Ce délai n’est pas anodin. Il symbolise le temps du voyage supposé des mages depuis l’Orient jusqu’à Bethléem pour suivre l’étoile. L’arrivée des rois mages marque, dans la tradition, le moment où la naissance de Jésus est révélée non plus seulement aux bergers juifs, mais au monde entier, représenté par ces visiteurs étrangers. En France, cette date est aussi celle de la traditionnelle galette, avec sa fève cachée, une coutume bien plus récente et complètement profane, mais qui a le mérite d’être délicieuse !
Concernant les présents des rois mages, chacun a un sens précis qu’il vaut la peine de connaître :
| Cadeau | Symbole |
|---|---|
| Or | La royauté de l’enfant né |
| Encens | Sa nature divine |
| Myrrhe | Sa mortalité future, cette résine servant aussi à embaumer les corps |
Dans la tradition, c’est Balthazar qui apporte la myrrhe, ce présent un peu sombre qui annonce déjà, en creux, la mort du Christ. Un cadeau chargé de sens, loin d’être un simple objet précieux !
Selon les chercheurs en histoire des religions, l’or, l’encens et la myrrhe n’étaient pas choisis au hasard : ce sont des matières précieuses réellement échangées sur les routes commerciales antiques entre l’Orient et le bassin méditerranéen.
Pour résumer l’essentiel : les prénoms des rois mages, Gaspard, Melchior et Balthazar, sont une invention tardive de la tradition chrétienne, absente des textes bibliques d’origine. Retenez surtout ceci : leur histoire mêle habilement légende, symbolique et astronomie antique, bien plus qu’elle ne relate un fait vérifié. Alors la prochaine fois qu’on vous demandera comment s’appellent les rois mages, vous aurez toute l’histoire à raconter, pas juste les trois noms !
Questions fréquentes
Qui était vraiment Melchior parmi les trois rois mages ?
Melchior est présenté comme le plus âgé des trois mages, souvent associé à l’Europe. Son nom dériverait d’une racine signifiant « roi de lumière », et la tradition en fait un sage venu de Perse ou d’Europe selon les versions.
Quel est le roi mage qui apporte la myrrhe ?
Balthazar est celui qui apporte la myrrhe, souvent représenté comme un roi africain.
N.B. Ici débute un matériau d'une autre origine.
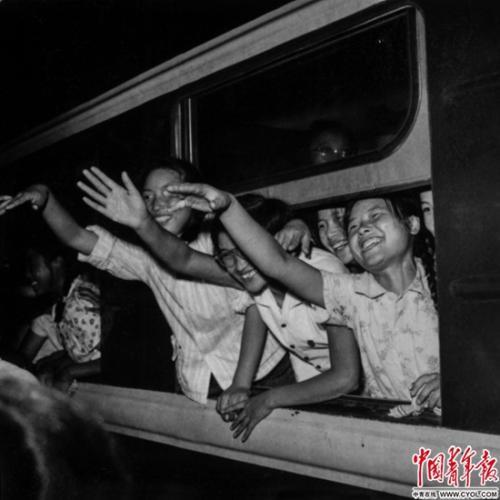 1964年8月31日，北京市第一批中学毕业生出发去北大荒，在北京火车站受到热烈欢送。铁矛/摄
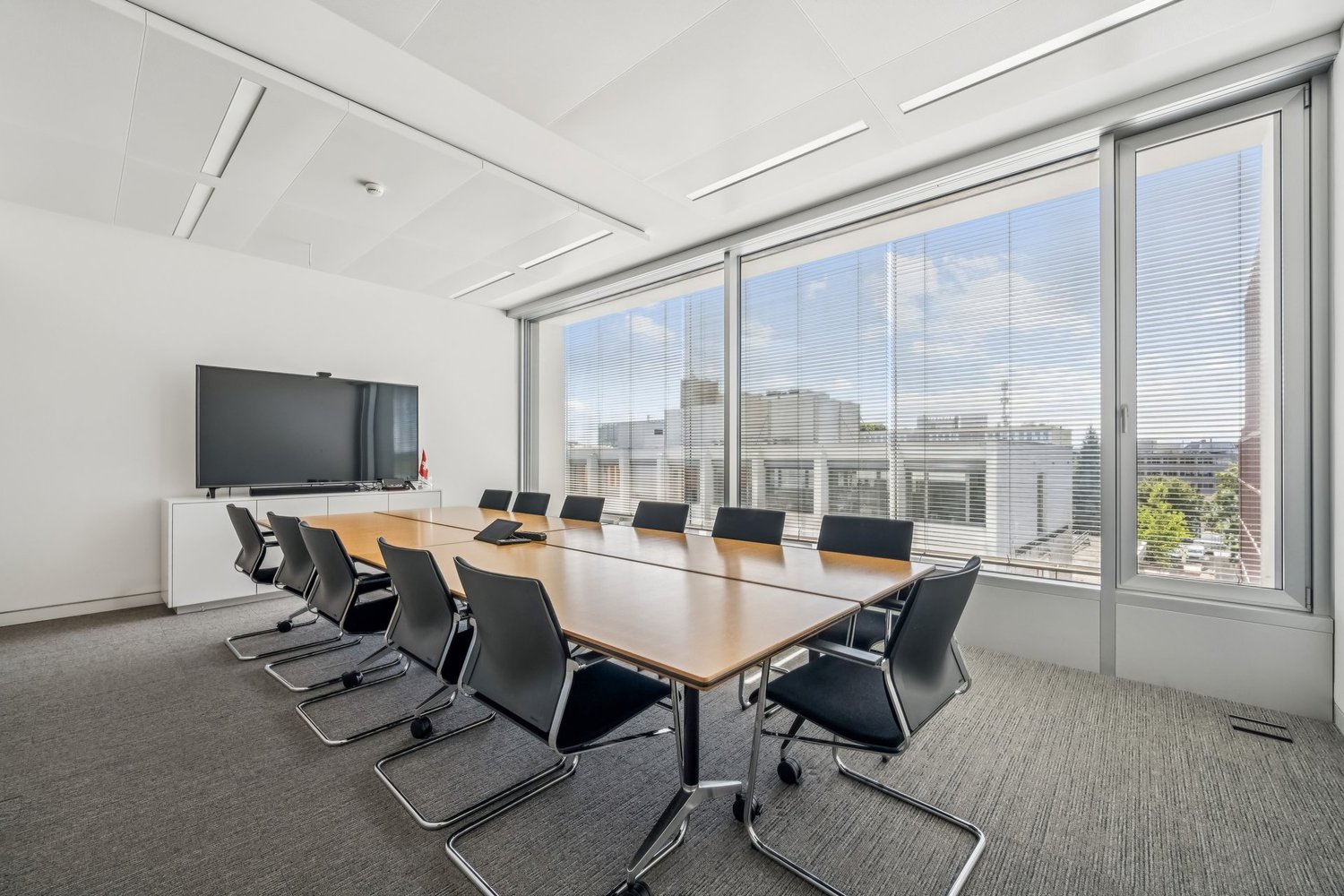 810m² office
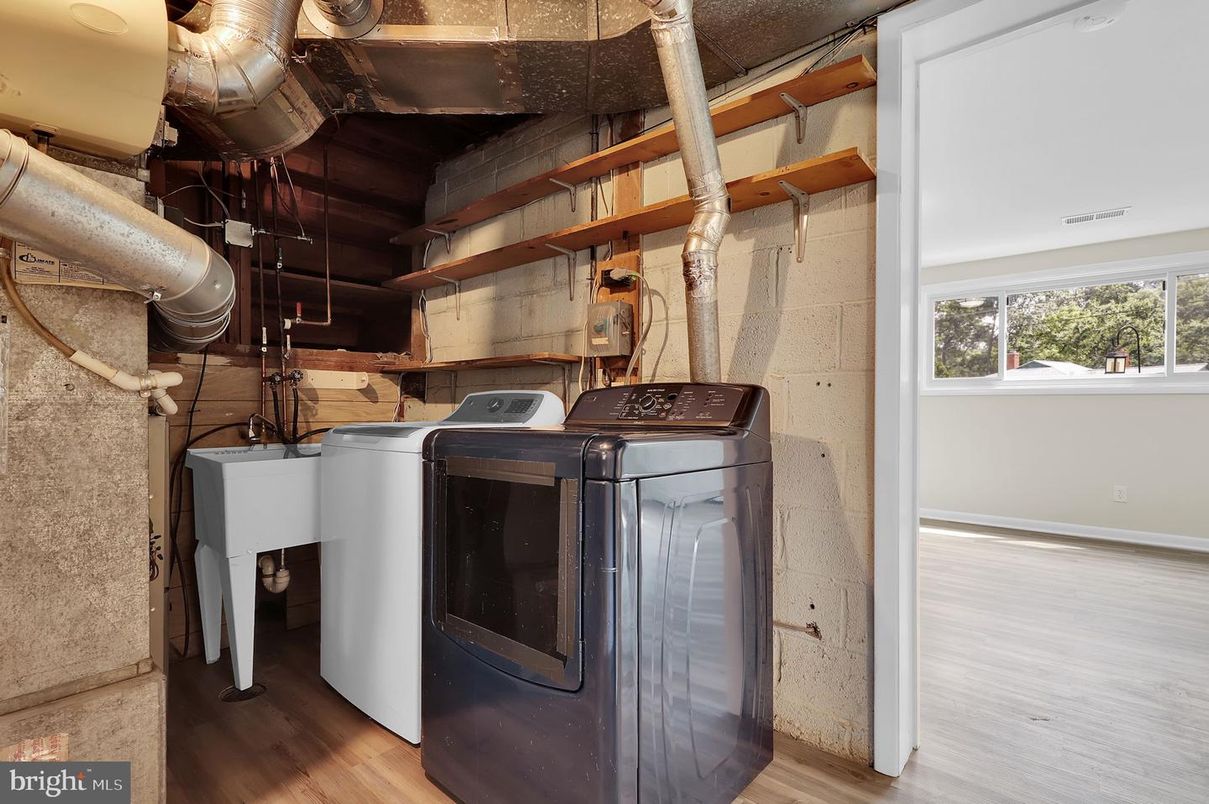 Interior, Washer, Wood Texture Flooring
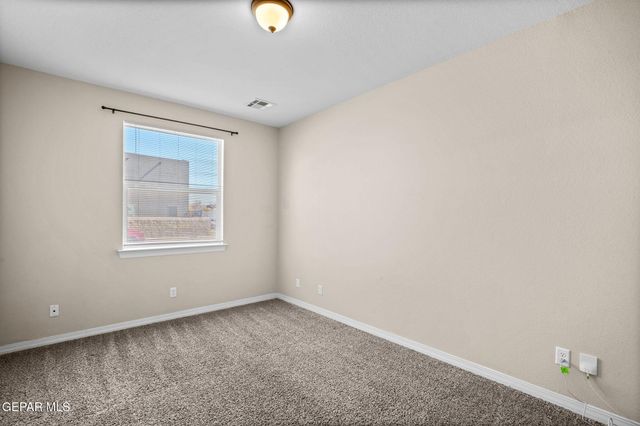 325 QUIET PRAIRIE Drive, Horizon City, TX 79928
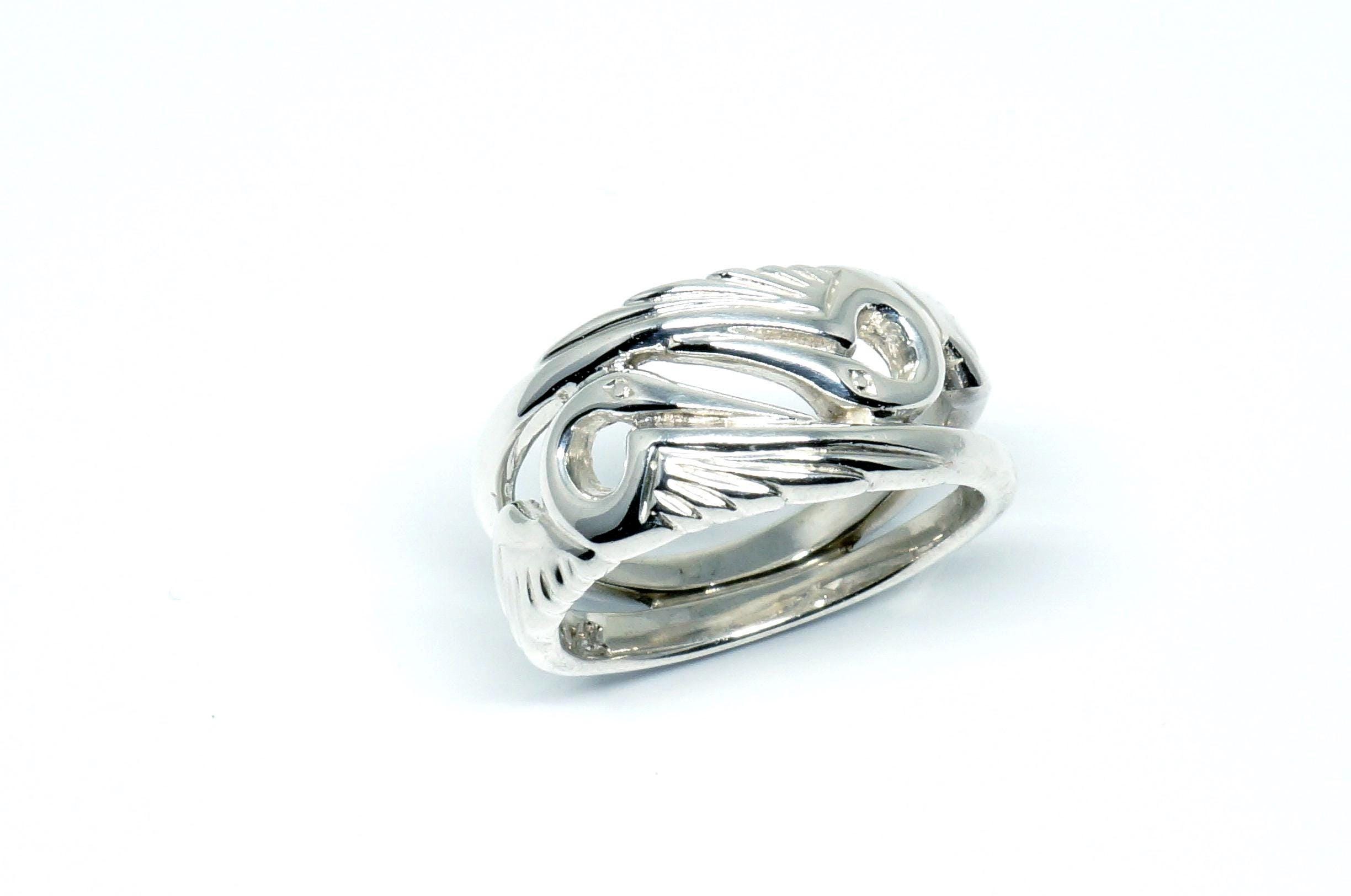 Silver Kiss Ring - Etsy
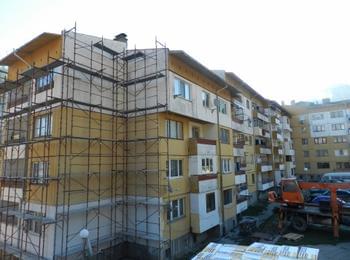 Санират още два блока в Мадан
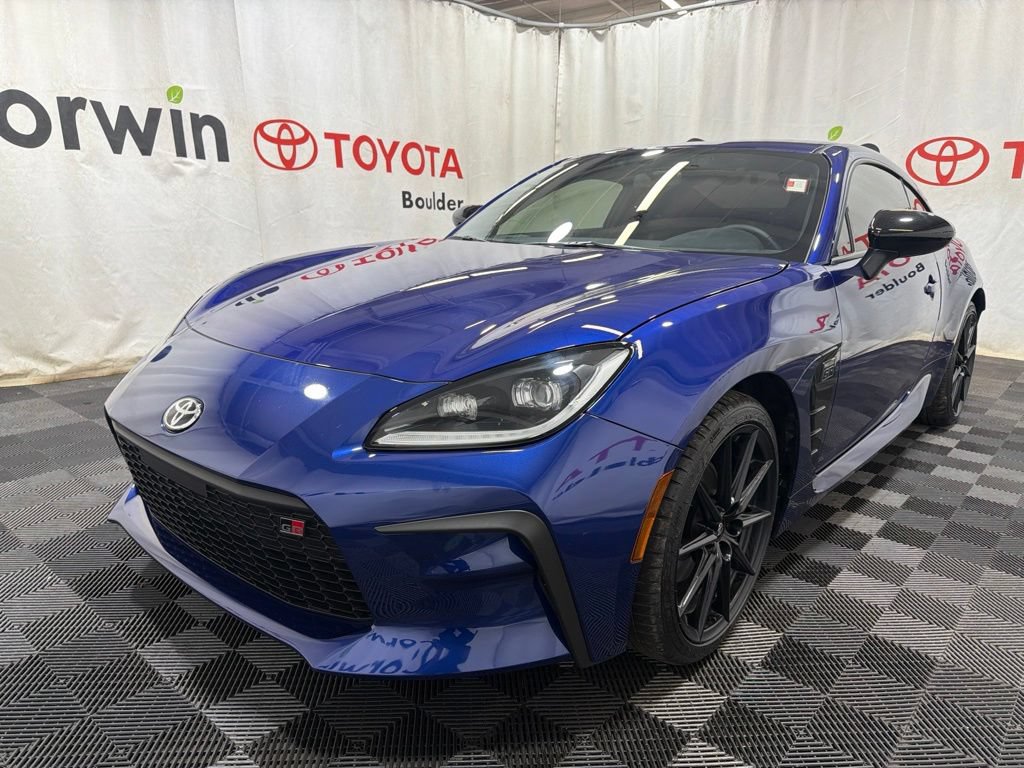Used 2025 Toyota GR86 Premium RWD image 3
Cette résine symbolise la mortalité future de Jésus, puisqu’elle était utilisée pour embaumer les corps.
Quels sont les trois présents offerts par les rois mages et que symbolisent-ils ?
L’or symbolise la royauté, l’encens la nature divine, et la myrrhe la mortalité future de Jésus. Ces matières précieuses étaient réellement échangées sur les routes commerciales antiques entre l’Orient et le bassin méditerranéen.
Existe-t-il vraiment un quatrième roi mage dans la tradition chrétienne ?
Le quatrième roi mage, souvent appelé Arthaban, n’existe dans aucun texte biblique. C’est une pure invention littéraire popularisée par un conte américain du XIXe siècle.